I thought it could only be rectified after I turn the laptop off for a few hours which made me think it is affected by heat? But today I had it off for a while, turned it on, and the grey screen was there even before I saw BIOS.


Does this sound like a screen issue or a video card issue? Any further tests I can do?


To note I have an integrated Intel Graphics HD 3000 and NVIDIA GeForce GT540M


Here is a video I made. Asus N53SV Screen Problem - YouTube


----------



## Walter Odim (Jun 29, 2008)

*Re: Display fades to grey - screen or card?*

That sounds like a screen issue, personally. If using another monitor does not display the issue, it is unlikely to be a problem with the card itself. 


It's possible the connectors from the screen to the graphics card have become loose or damaged, I had a look at Google, and the results suggests that this is a relatively common cause.


----------



## Tyree (May 10, 2009)

*Re: Display fades to grey - screen or card?*

Brand and complete Model Number of the laptop?
Is there any particular task(s) that seem to trigger the problem?
Does the problem occur while running in the Bios?
Your video shows the laptop and an external monitor in use. Does it happen just using the laptop display?


----------



## Cloudyburst (Jan 29, 2013)

*Re: Display fades to grey - screen or card?*



Walter Odim said:


> That sounds like a screen issue, personally. If using another monitor does not display the issue, it is unlikely to be a problem with the card itself.
> 
> 
> It's possible the connectors from the screen to the graphics card have become loose or damaged, I had a look at Google, and the results suggests that this is a relatively common cause.

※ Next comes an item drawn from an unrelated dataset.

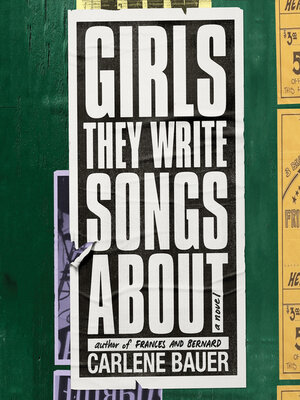 Girls They Write Songs About - Audiobook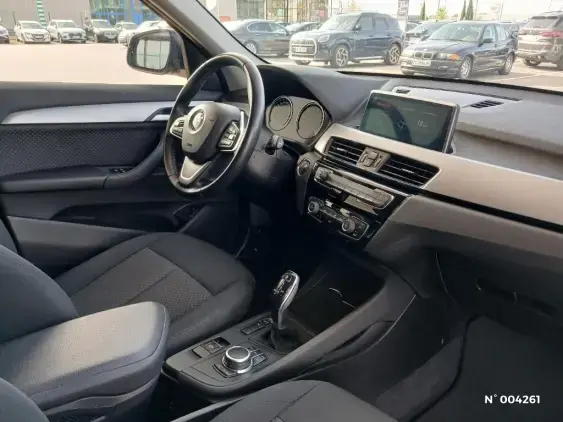 BMW X1 F48 LCI - voiture d'occasion - Photo 9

I agree. Thanks for the great response. 

I'll investigate now how to dismantle this thing to find the connectors to the screen and to the motherboard or graphics card.


----------



## Cloudyburst (Jan 29, 2013)

*Re: Display fades to grey - screen or card?*



Tyree said:


> Brand and complete Model Number of the laptop?
> Is there any particular task(s) that seem to trigger the problem?
> Does the problem occur while running in the Bios?
> Your video shows the laptop and an external monitor in use. Does it happen just using the laptop display?


Sorry, I thought I included this.

Asus N53SV
No triggers at all. 
The problem occurs during BIOS.
Yes it happens when just using the laptop display.


----------



## Cloudyburst (Jan 29, 2013)

*Re: Display fades to grey - screen or card?*

OK I took the screen bevel off. I then found when I tap the back of the naked LCD screen it makes the screen flicker and jump in and out of display. 

I can't a definite spot where it does this. I took the cable off and cleaned it and replaced. No difference. 

Is that it? No more I can do?


----------



## Cloudyburst (Jan 29, 2013)

*Re: Display fades to grey - screen or card?*

Update: I got the new screen and it fixed the problem. Cheers


----------



## Walter Odim (Jun 29, 2008)

*Re: Display fades to grey - screen or card?*

Glad to hear it. It's certainly a nuisance when hardware fails on you. Can you please mark the thread as resolved via thread tools at the top of the page?


----------